Supplied records —
:::::
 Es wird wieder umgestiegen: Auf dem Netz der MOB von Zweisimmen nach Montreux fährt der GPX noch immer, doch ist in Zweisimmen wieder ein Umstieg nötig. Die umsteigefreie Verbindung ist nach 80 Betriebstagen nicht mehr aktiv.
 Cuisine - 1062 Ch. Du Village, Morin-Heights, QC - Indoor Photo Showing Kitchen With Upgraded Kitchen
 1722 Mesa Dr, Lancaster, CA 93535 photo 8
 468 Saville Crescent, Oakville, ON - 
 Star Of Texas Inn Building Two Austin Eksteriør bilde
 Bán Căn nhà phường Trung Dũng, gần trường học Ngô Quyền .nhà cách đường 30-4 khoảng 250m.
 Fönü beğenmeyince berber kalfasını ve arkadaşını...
:::::
Task description — Print out every record, character for character.

Response below —
 Es wird wieder umgestiegen: Auf dem Netz der MOB von Zweisimmen nach Montreux fährt der GPX noch immer, doch ist in Zweisimmen wieder ein Umstieg nötig. Die umsteigefreie Verbindung ist nach 80 Betriebstagen nicht mehr aktiv.
 Cuisine - 1062 Ch. Du Village, Morin-Heights, QC - Indoor Photo Showing Kitchen With Upgraded Kitchen
 1722 Mesa Dr, Lancaster, CA 93535 photo 8
 468 Saville Crescent, Oakville, ON - 
 Star Of Texas Inn Building Two Austin Eksteriør bilde
 Bán Căn nhà phường Trung Dũng, gần trường học Ngô Quyền .nhà cách đường 30-4 khoảng 250m.
 Fönü beğenmeyince berber kalfasını ve arkadaşını...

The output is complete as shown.